┌────────
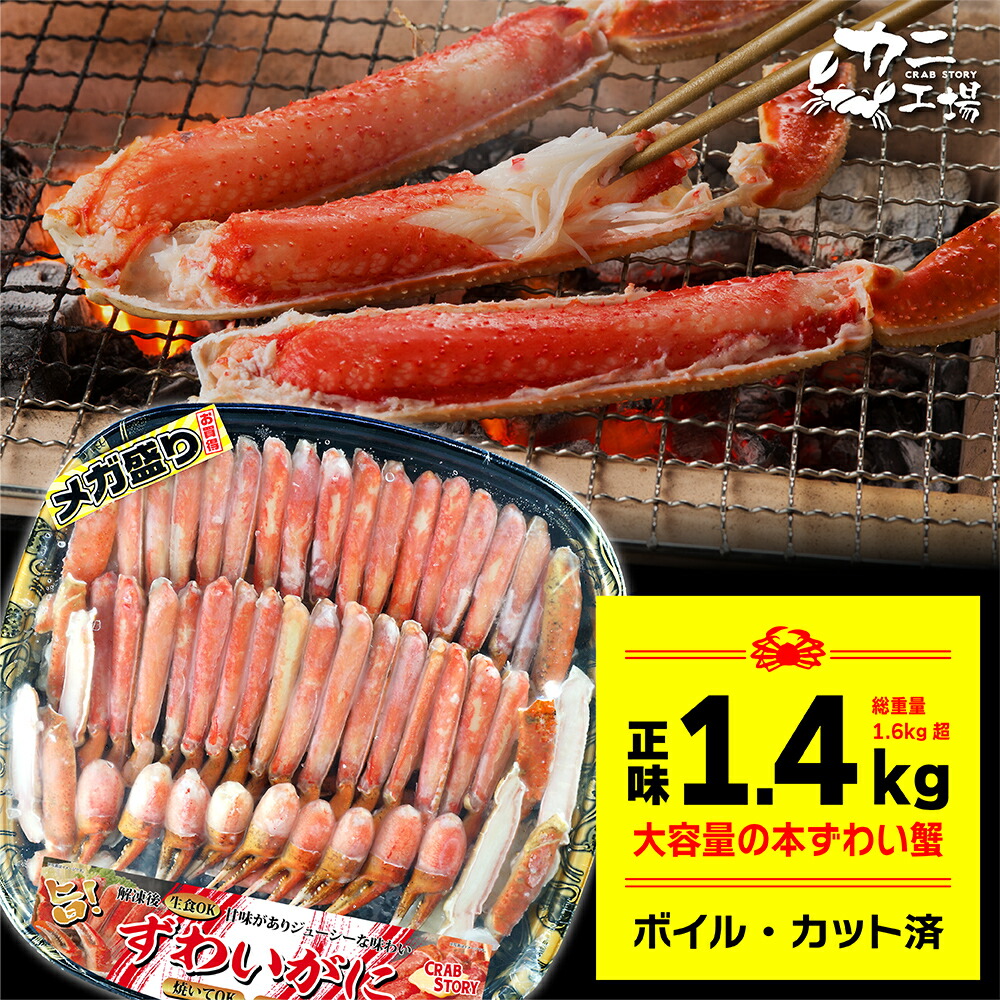 父の日カード無料 ズワイガニ 総重量1.6kg超 NET1.4kg ハーフポーション カニ ボイル&カット済みで調理不要 本ズワイ かに 蟹 ギフト 大容量 ボイル BBQ
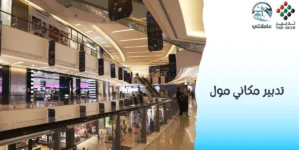 تدبير مكاني مول في الإمارات عاملاتي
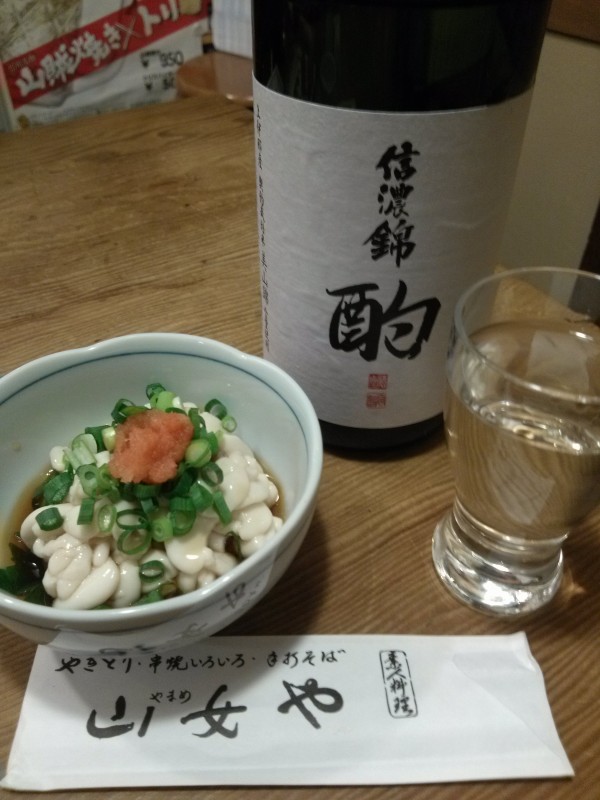 信濃錦＆白子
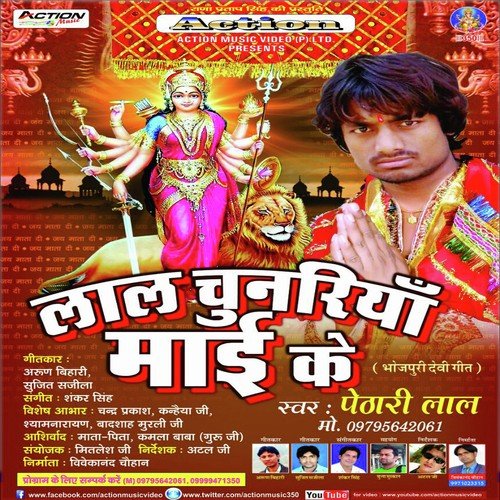 Sherwali Ke Darshan Kara Di - Pethari Lal
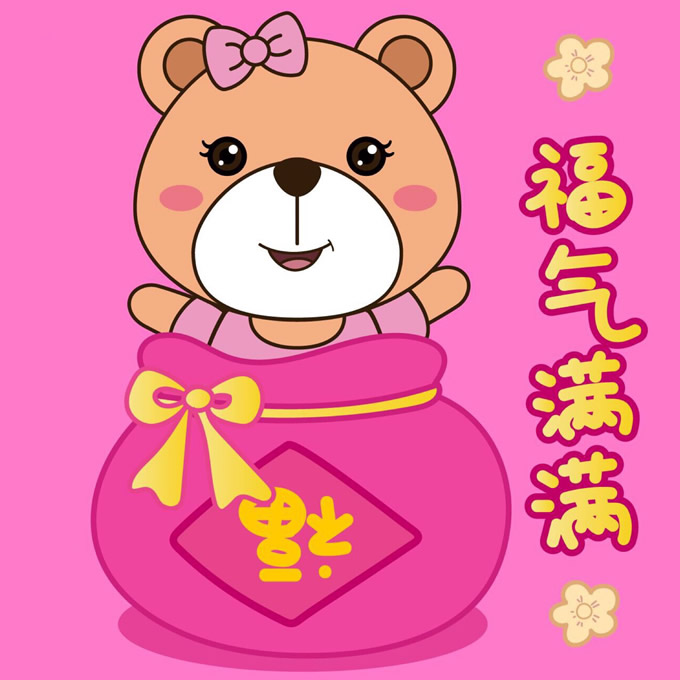 健康吉祥好运微信头像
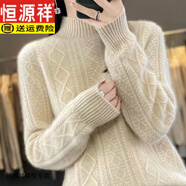 恒源祥2025新款羊絨衫女半高領(lǐng)提花冬加厚紅色毛衣寬松羊毛針織打底衫女 米色 M 95-110斤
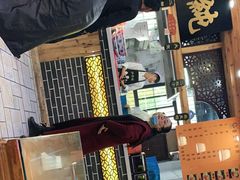 -伊穆祥牛肉面总店·清真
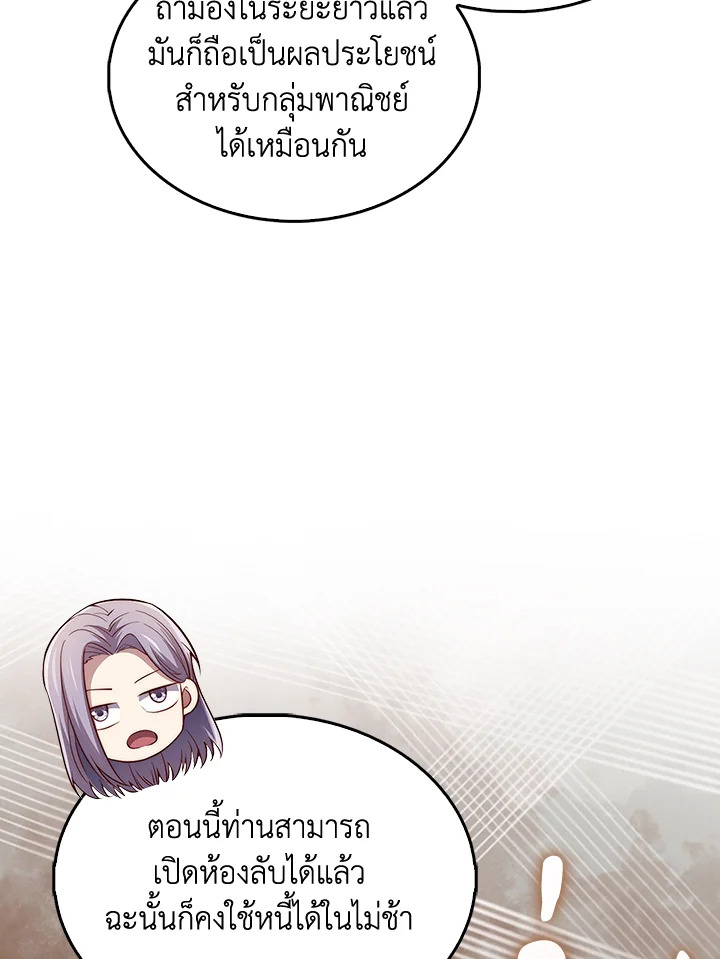 The Lord’s Coins Aren’t Decreasing ตอนที่ 133 94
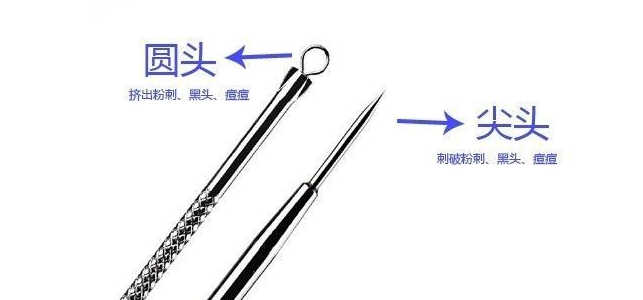粉刺针怎么用 用粉刺针应该注意什么 粉刺针怎么用 用粉刺针应该注意什么
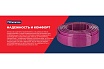 Труба из сшитого полиэтилена Millennium TPXB2028 фиолетовый с антикислородным барьером PINK PE-Xb - EVOH 20х2,8 100м. (Россия)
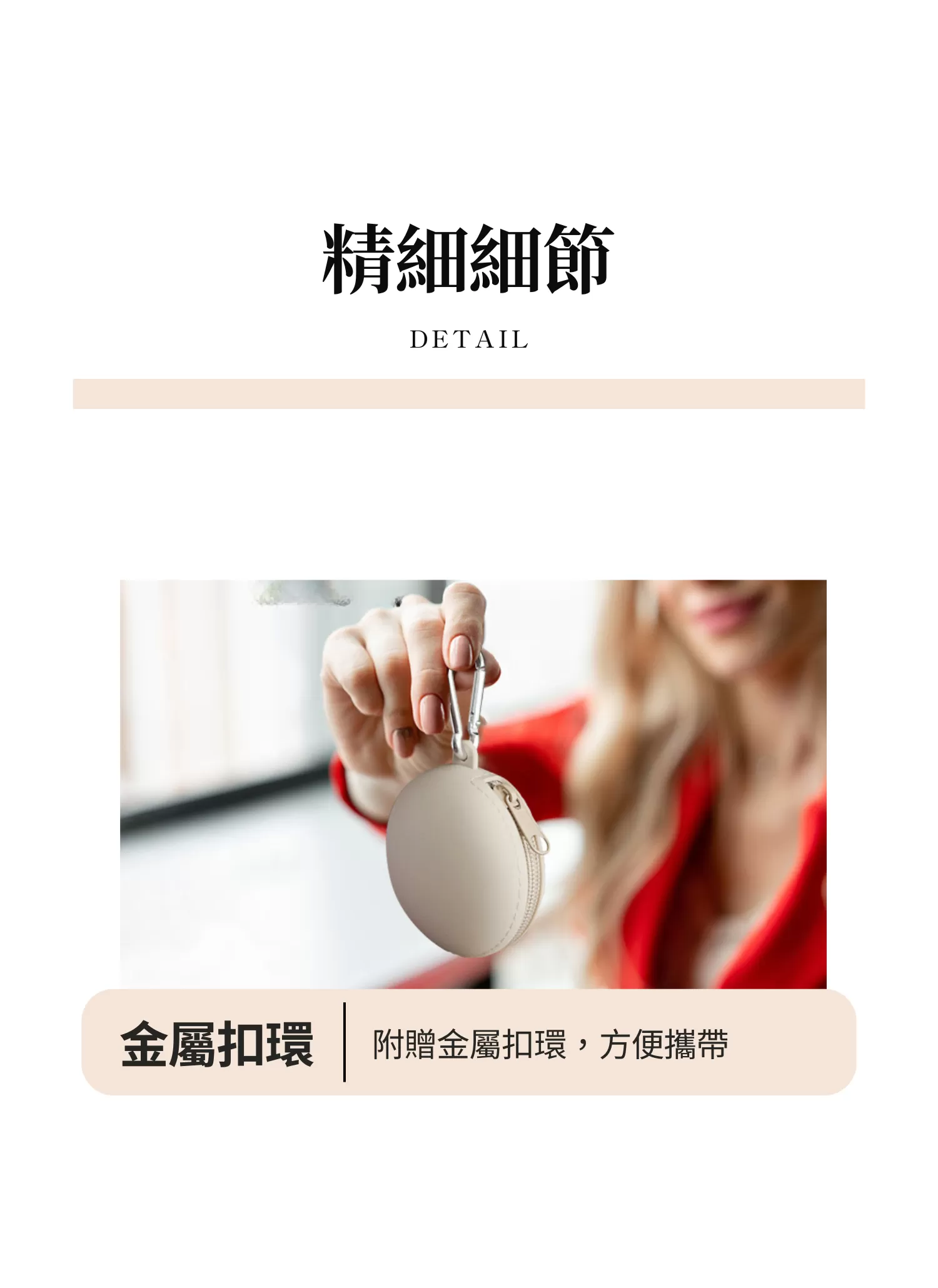 【客製禮贈品】圓形耳機零錢收納包,實際價格以報價為主,U60690001,【客製禮贈品】圓形耳機零錢收納包,商品規格,客製禮贈品專區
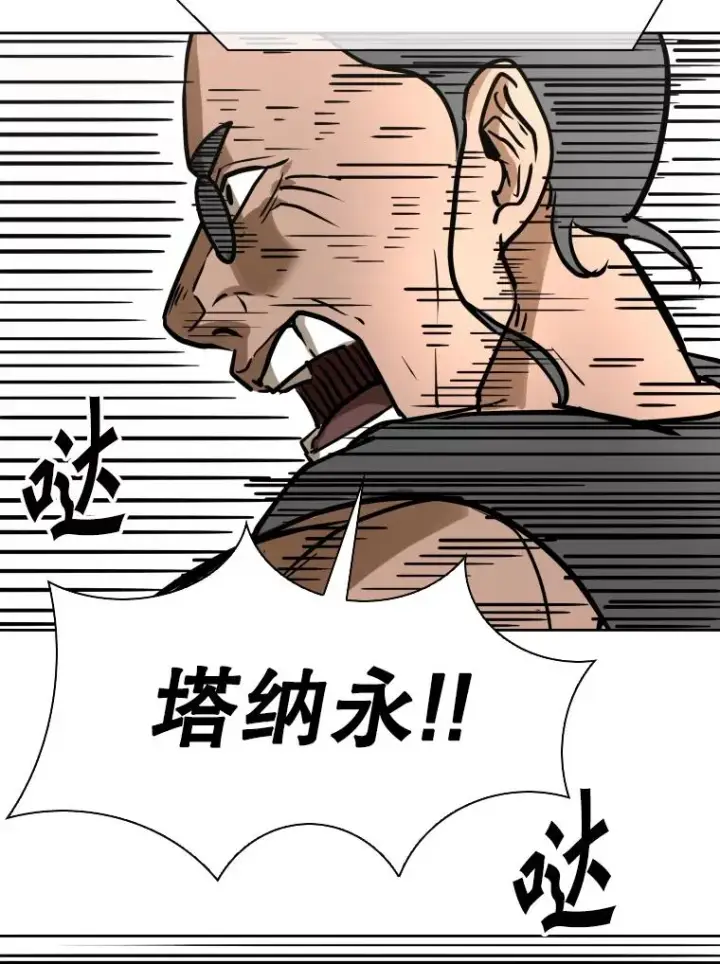 《鲨鱼》293.两败俱伤之胜图72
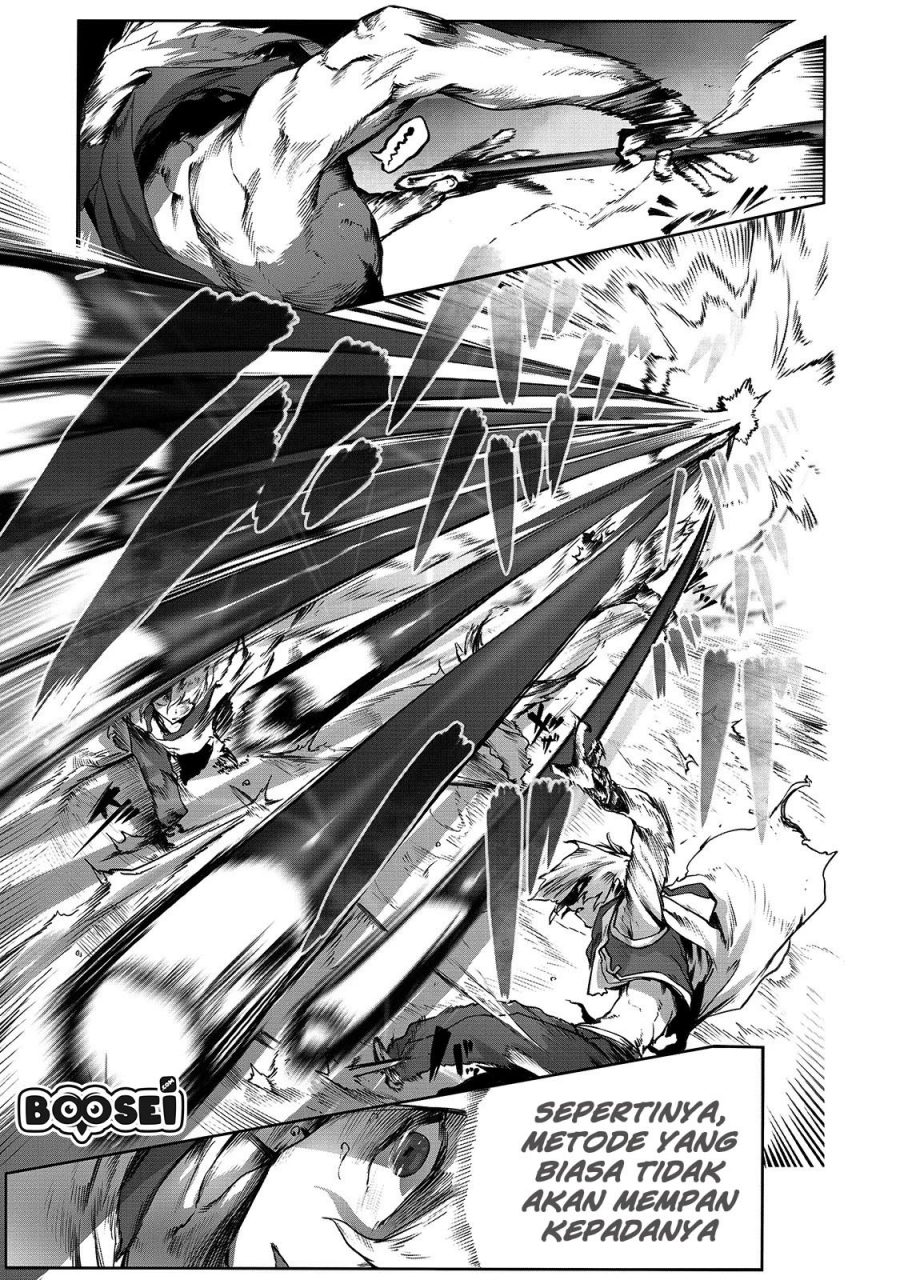 Ore no Zense no Chishiki de Teihengyo Tamer ga Joukyugyo ni Natte Shimaisou na Ken ni Tsuite Chapter 1 - halaman 7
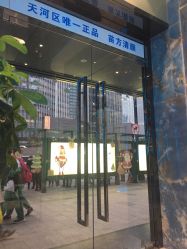 -清颜专业祛痘连锁店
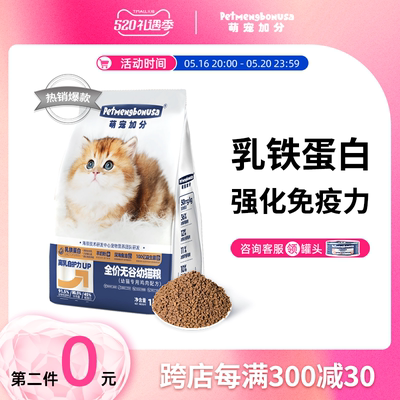 萌宠加分猫粮幼猫无谷奶糕低敏肠胃保护羊乳鸡肉配方鲜肉离乳专用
└────────
• _Task to complete_
An exact reproduction of the material is needed, without its images.

• _Solution for this problem_
 父の日カード無料 ズワイガニ 総重量1.6kg超 NET1.4kg ハーフポーション カニ ボイル&カット済みで調理不要 本ズワイ かに 蟹 ギフト 大容量 ボイル BBQ
 تدبير مكاني مول في الإمارات عاملاتي
 信濃錦＆白子
 Sherwali Ke Darshan Kara Di - Pethari Lal
 健康吉祥好运微信头像
 恒源祥2025新款羊絨衫女半高領(lǐng)提花冬加厚紅色毛衣寬松羊毛針織打底衫女 米色 M 95-110斤
 -伊穆祥牛肉面总店·清真
 The Lord’s Coins Aren’t Decreasing ตอนที่ 133 94
粉刺针怎么用 用粉刺针应该注意什么 粉刺针怎么用 用粉刺针应该注意什么
 Труба из сшитого полиэтилена Millennium TPXB2028 фиолетовый с антикислородным барьером PINK PE-Xb - EVOH 20х2,8 100м. (Россия)
 【客製禮贈品】圓形耳機零錢收納包,實際價格以報價為主,U60690001,【客製禮贈品】圓形耳機零錢收納包,商品規格,客製禮贈品專區
 《鲨鱼》293.两败俱伤之胜图72
 Ore no Zense no Chishiki de Teihengyo Tamer ga Joukyugyo ni Natte Shimaisou na Ken ni Tsuite Chapter 1 - halaman 7
 -清颜专业祛痘连锁店
 萌宠加分猫粮幼猫无谷奶糕低敏肠胃保护羊乳鸡肉配方鲜肉离乳专用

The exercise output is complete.